The attack exposed the numbers of 13.9 million MasterCards and an unknown number of other brands of cards. Atlanta-based CardSystems processes $15 billion in charges annually for MasterCard, Visa USA, American Express, Discover and other cards. Visa did not return a call seeking comment.

"I think all four [of the major card issuers] will be tainted," said Chris Hoofnagle, West Coast director of the Electronic Privacy Information Center, a Washington research group that studies civil liberties in the digital age. "This is the biggest security breach by far."

Hackers and identity thieves from around the world trade and sell pilfered credit card numbers in online chat rooms, making it relatively easy for a single big theft to affect thousands of cards quickly. That also makes it more difficult to catch the culprits.

MasterCard, which uncovered the incursion and announced it Friday, revealed few details about the fraud and how and when it was discovered. The company would not divulge the dollar amount of the fraud uncovered so far or say when the improper charges began.

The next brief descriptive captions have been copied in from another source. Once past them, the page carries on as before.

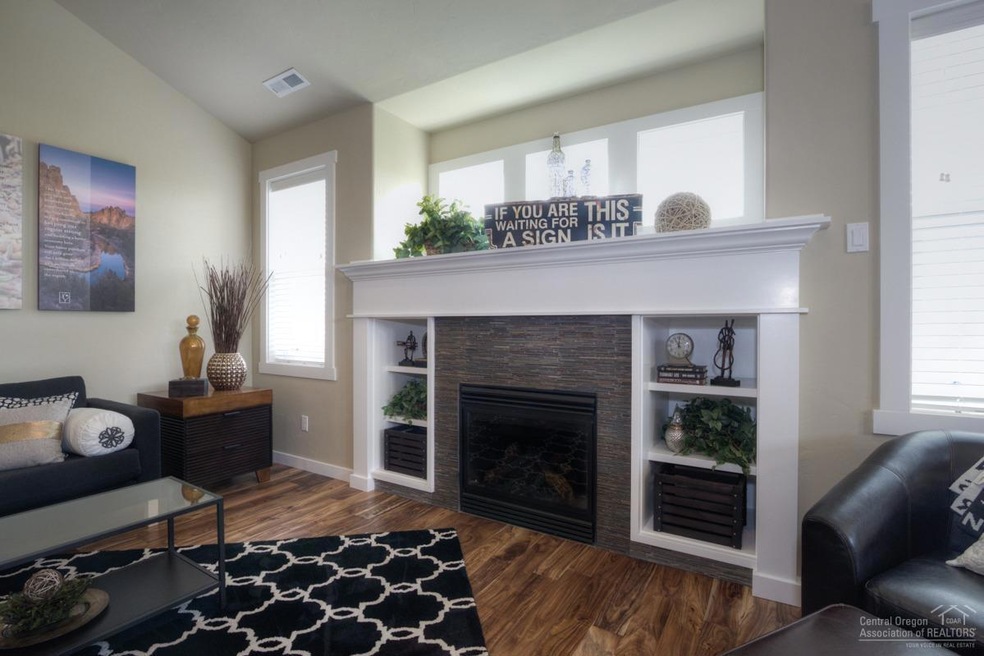 1558 W Williamson Ave, Sisters, OR 97759 - photo 1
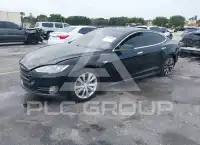 2013 Tesla Model S фото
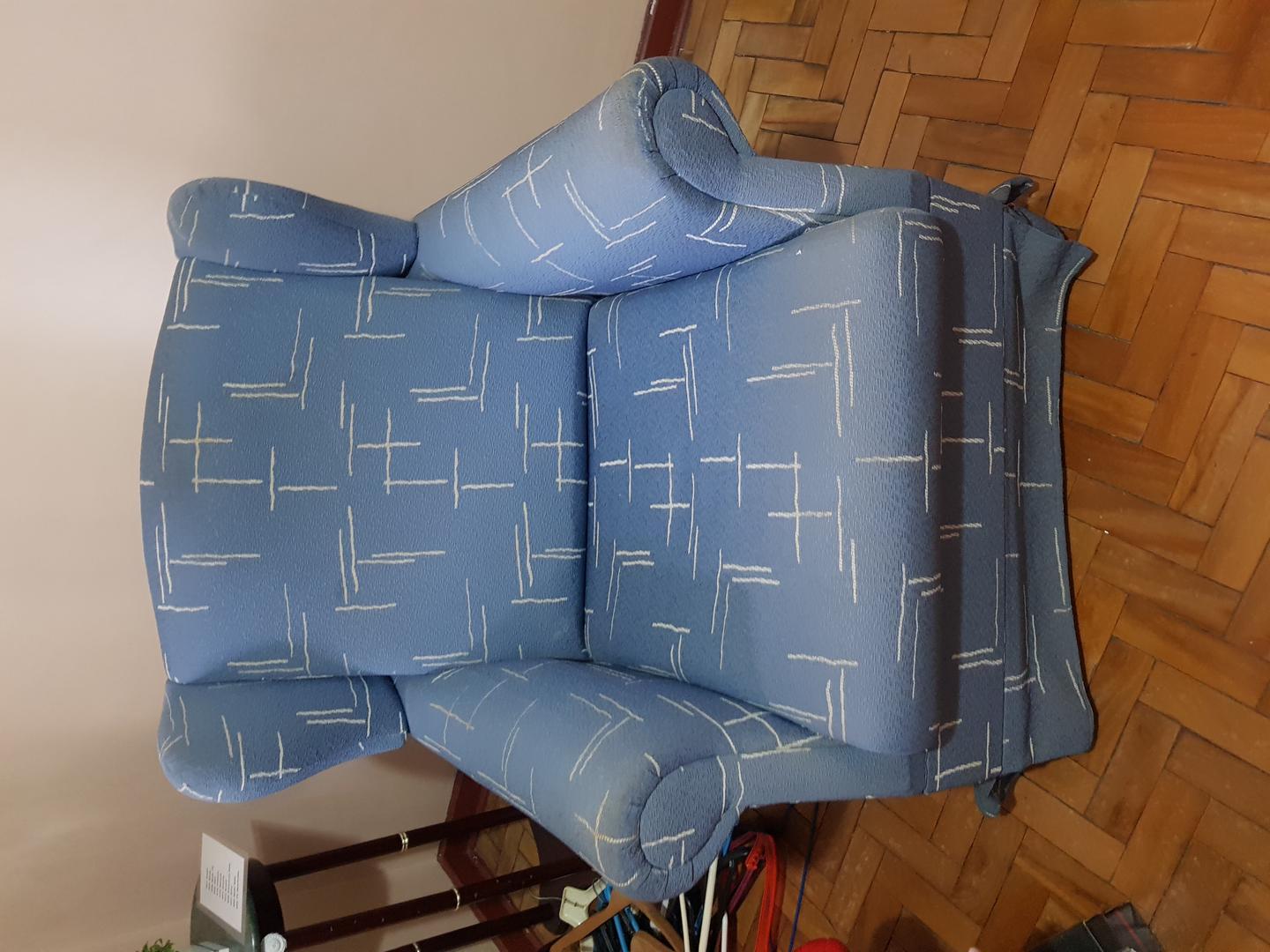 Poltrona Fixa c/ Braços em Espuma Azul 35 cm x 47 cm x 47 cm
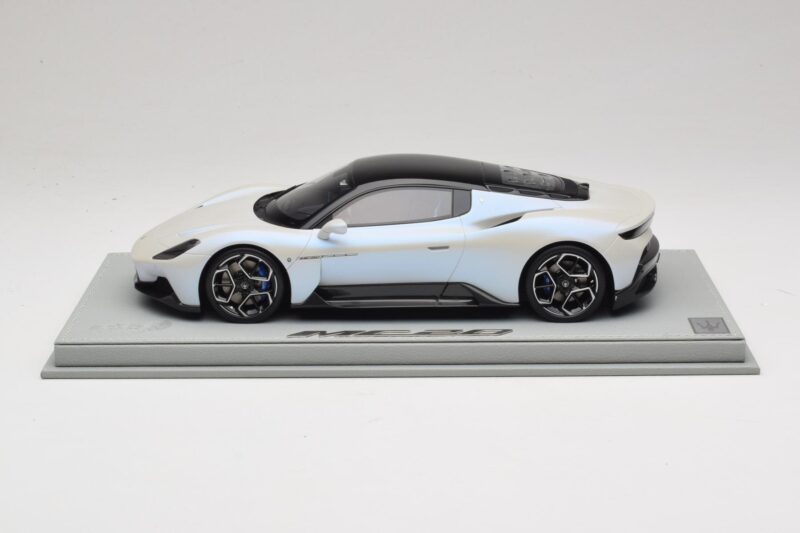 Maserati MC20 Bianco Audace BBR 1:18 P18191AMAS Resin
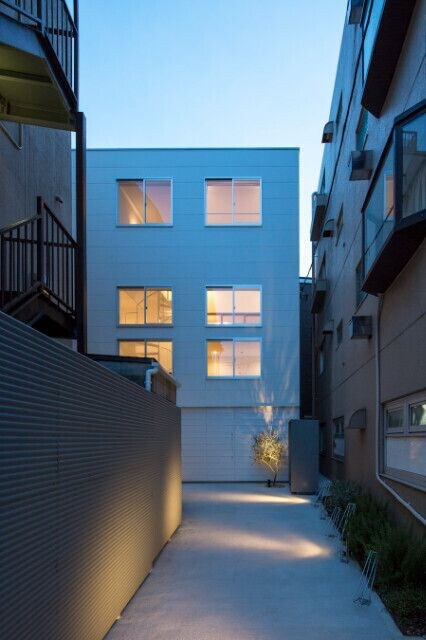 フォルトゥーナ初台の物件外観写真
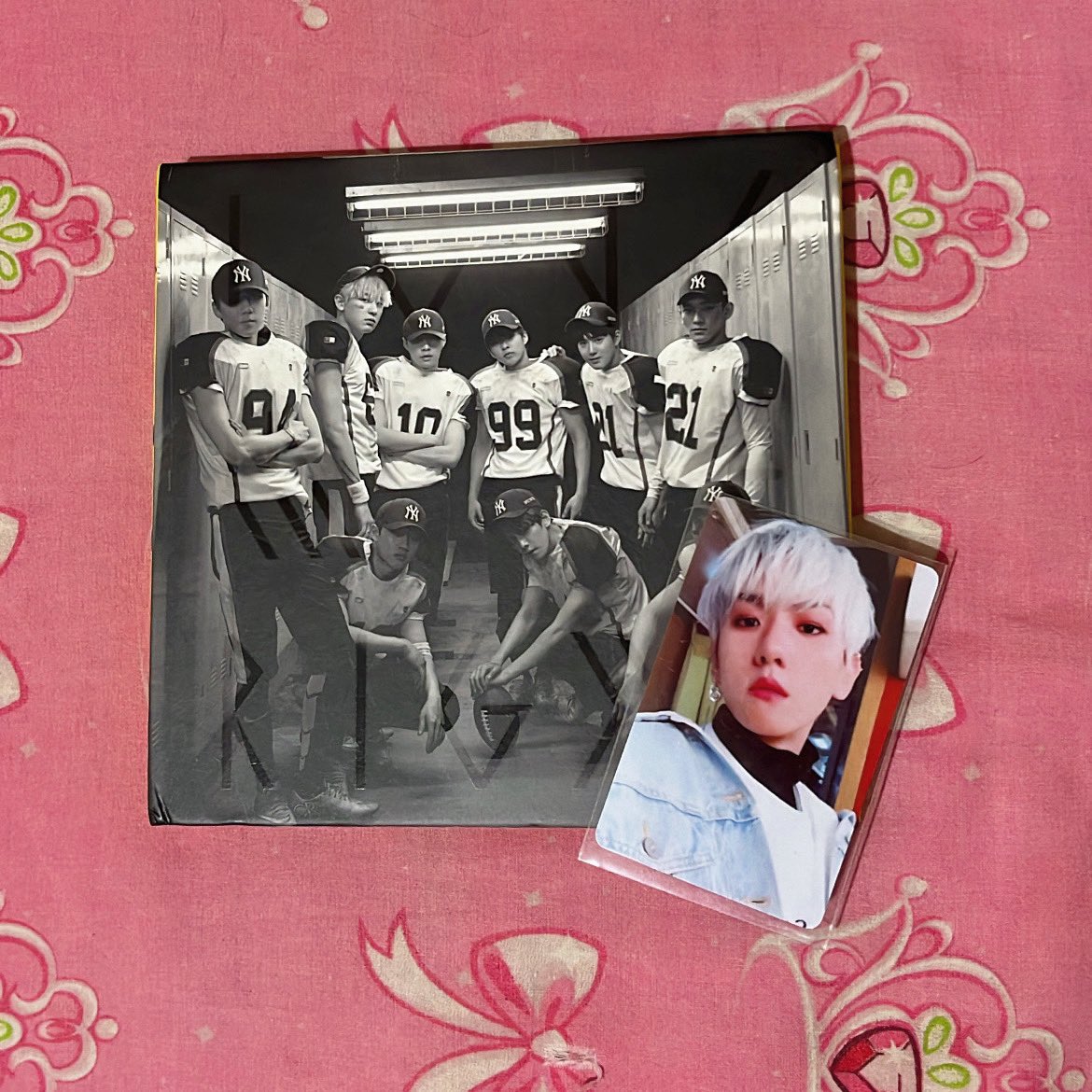 feedback!

feedback positivo pra lindeza da <a href="/badreann/">amanda</a> que me vendeu meu love me right!

veio bem embalado e chegou em segurança!

Obrigada Blue 🍓🤍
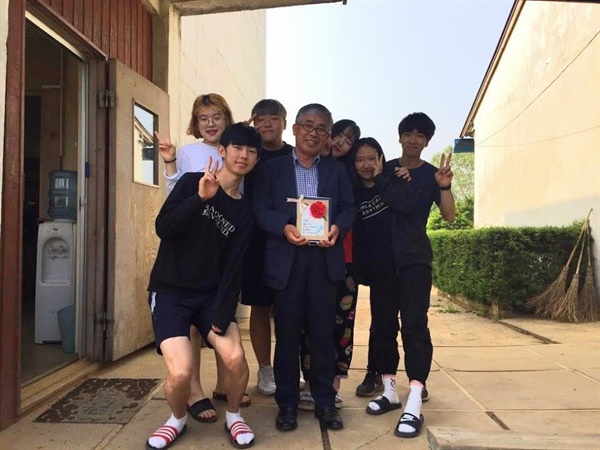 백발의 교사가 40년 만에 알게 된 삶을 위한 학교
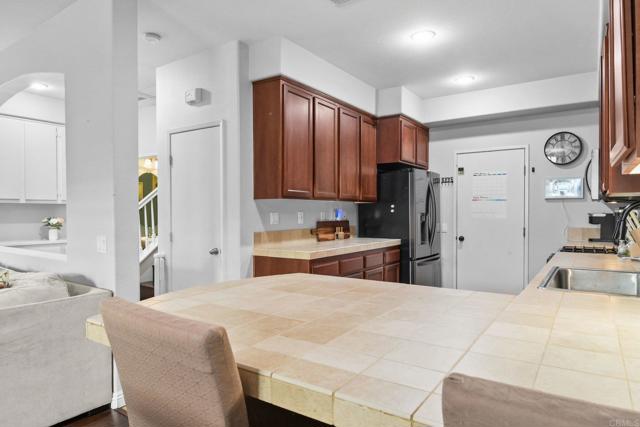 Detail Gallery Image 14 of 42 For 1459 Claude Ln #4,  Chula Vista,  CA 91913 - 3 Beds | 2/1 Baths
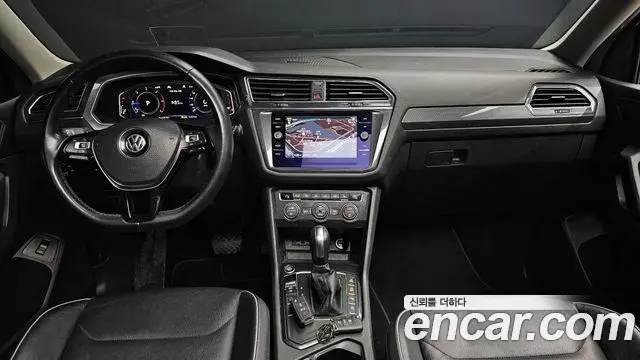 Volkswagen Tiguan Allspace 2020 — Фото 7/20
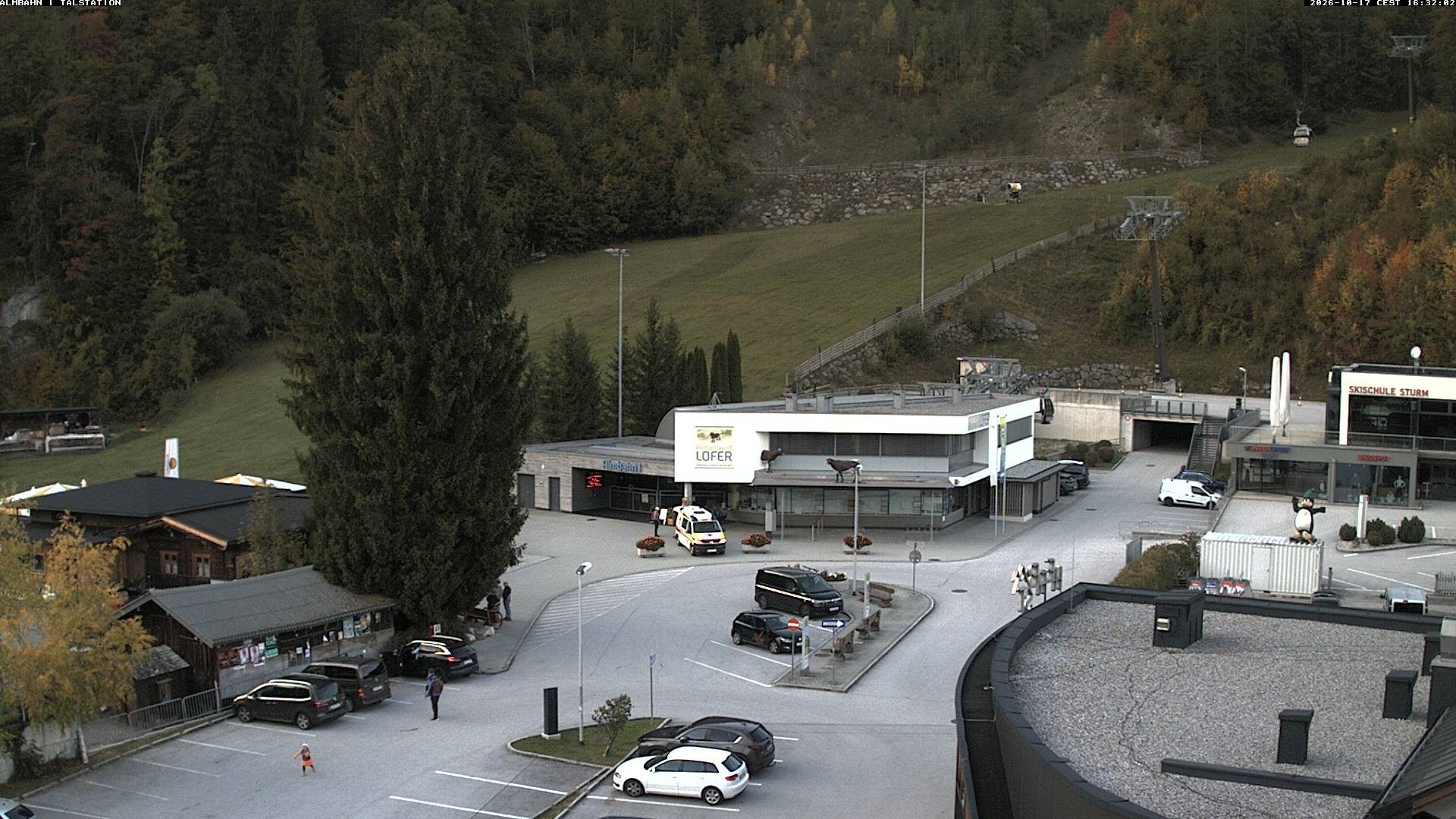 Archiv Foto Webcam Lofereralmbahn 1 - Talstation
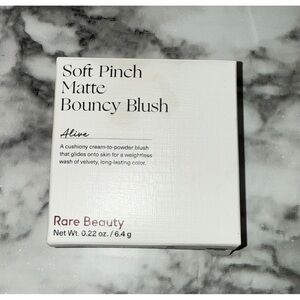 Rare Beauty Soft Pinch Matte Bouncy Blush ALIVE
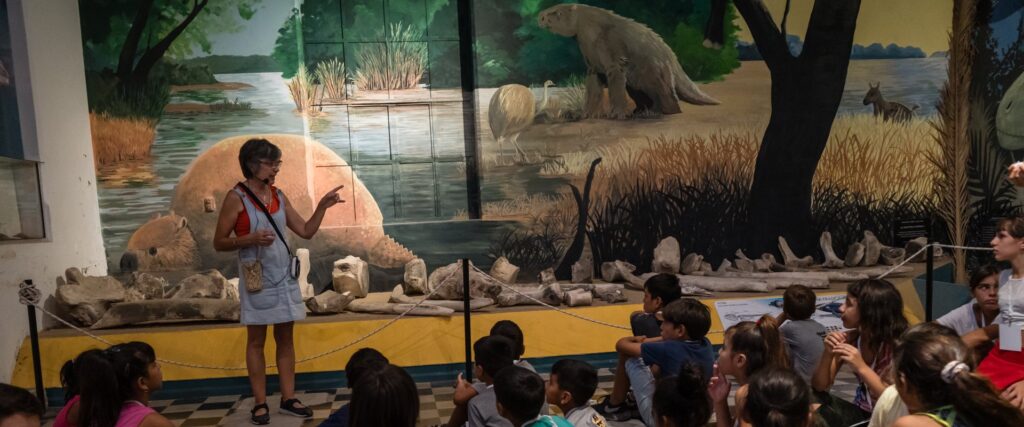 El Museo de Ciencias Naturales y Antropológicas «Prof. Antonio Serrano» es un espacio de disfrute para numerosos niños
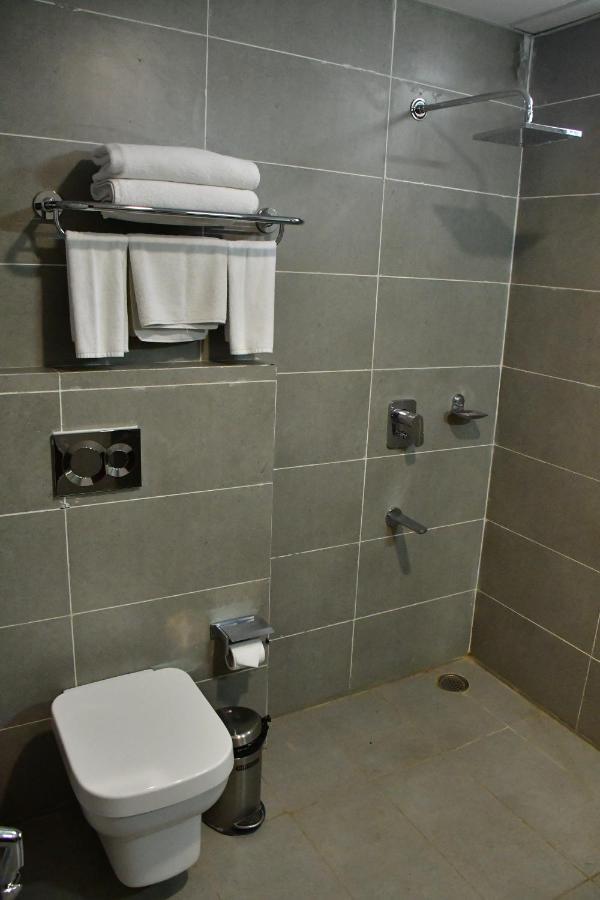 Hotel Yatharth Inn Waranasi Zewnętrze zdjęcie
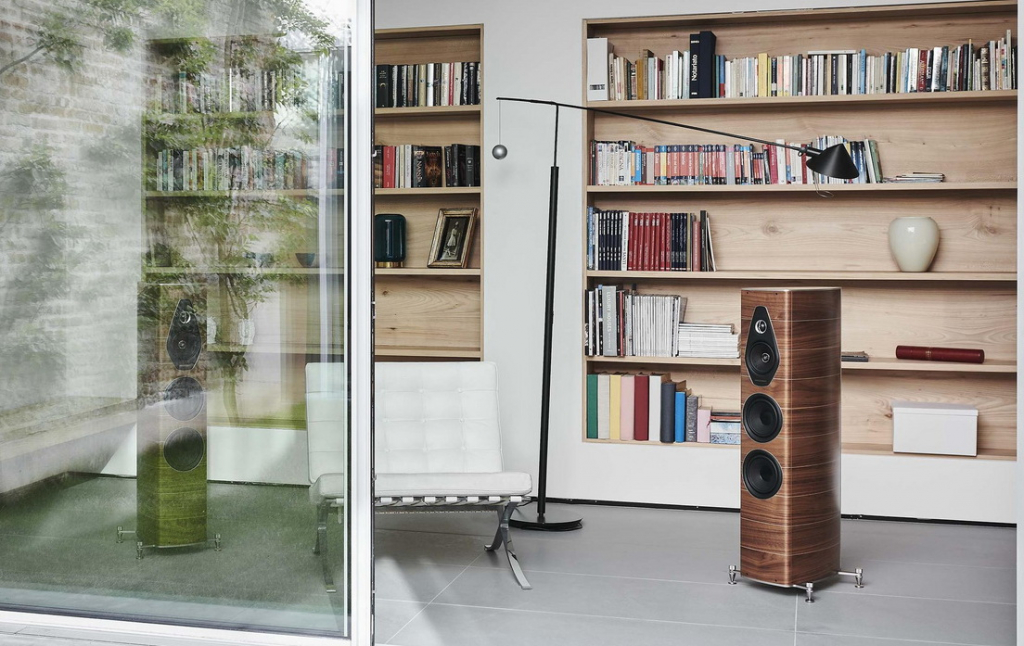 Sonus Faber Olympica Nova III 2.jpg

"Several banks reported atypical patterns of fraud" this week, Locke said. "We traced disparate patterns of fraud back to CardSystems." After security firm CyberTrust Inc. examined the computers there, she said, "we believe that a hacker intruded and installed some malicious code that captured card information."

The FBI is investigating.

MasterCard said CardSystems had not been using industry safeguards at its Tucson processing center, suggesting to analysts that the numbers had not been encrypted for protection. CardSystems did not return calls seeking comment.